Provided information:
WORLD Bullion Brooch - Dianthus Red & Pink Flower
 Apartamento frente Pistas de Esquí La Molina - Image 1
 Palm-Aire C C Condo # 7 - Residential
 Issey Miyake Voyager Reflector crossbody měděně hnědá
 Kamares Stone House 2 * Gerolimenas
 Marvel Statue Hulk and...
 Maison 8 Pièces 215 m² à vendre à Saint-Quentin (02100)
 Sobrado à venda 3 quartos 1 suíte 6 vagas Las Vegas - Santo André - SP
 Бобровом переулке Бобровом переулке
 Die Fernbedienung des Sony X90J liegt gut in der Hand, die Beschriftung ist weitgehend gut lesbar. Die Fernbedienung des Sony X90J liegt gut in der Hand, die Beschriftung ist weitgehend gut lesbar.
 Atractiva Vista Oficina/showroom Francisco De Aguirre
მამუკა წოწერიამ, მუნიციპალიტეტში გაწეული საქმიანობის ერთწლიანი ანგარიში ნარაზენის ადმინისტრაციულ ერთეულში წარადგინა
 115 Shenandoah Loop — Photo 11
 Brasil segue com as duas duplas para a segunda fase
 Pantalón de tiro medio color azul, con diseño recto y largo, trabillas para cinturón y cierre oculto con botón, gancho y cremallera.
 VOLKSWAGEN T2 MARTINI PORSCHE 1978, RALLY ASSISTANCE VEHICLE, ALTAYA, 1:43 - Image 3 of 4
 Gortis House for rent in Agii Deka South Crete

Task: Set down the whole of the data, exactly as it stands.

Solution for this exercise:
WORLD Bullion Brooch - Dianthus Red & Pink Flower
 Apartamento frente Pistas de Esquí La Molina - Image 1
 Palm-Aire C C Condo # 7 - Residential
 Issey Miyake Voyager Reflector crossbody měděně hnědá
 Kamares Stone House 2 * Gerolimenas
 Marvel Statue Hulk and...
 Maison 8 Pièces 215 m² à vendre à Saint-Quentin (02100)
 Sobrado à venda 3 quartos 1 suíte 6 vagas Las Vegas - Santo André - SP
 Бобровом переулке Бобровом переулке
 Die Fernbedienung des Sony X90J liegt gut in der Hand, die Beschriftung ist weitgehend gut lesbar. Die Fernbedienung des Sony X90J liegt gut in der Hand, die Beschriftung ist weitgehend gut lesbar.
 Atractiva Vista Oficina/showroom Francisco De Aguirre
მამუკა წოწერიამ, მუნიციპალიტეტში გაწეული საქმიანობის ერთწლიანი ანგარიში ნარაზენის ადმინისტრაციულ ერთეულში წარადგინა
 115 Shenandoah Loop — Photo 11
 Brasil segue com as duas duplas para a segunda fase
 Pantalón de tiro medio color azul, con diseño recto y largo, trabillas para cinturón y cierre oculto con botón, gancho y cremallera.
 VOLKSWAGEN T2 MARTINI PORSCHE 1978, RALLY ASSISTANCE VEHICLE, ALTAYA, 1:43 - Image 3 of 4
 Gortis House for rent in Agii Deka South Crete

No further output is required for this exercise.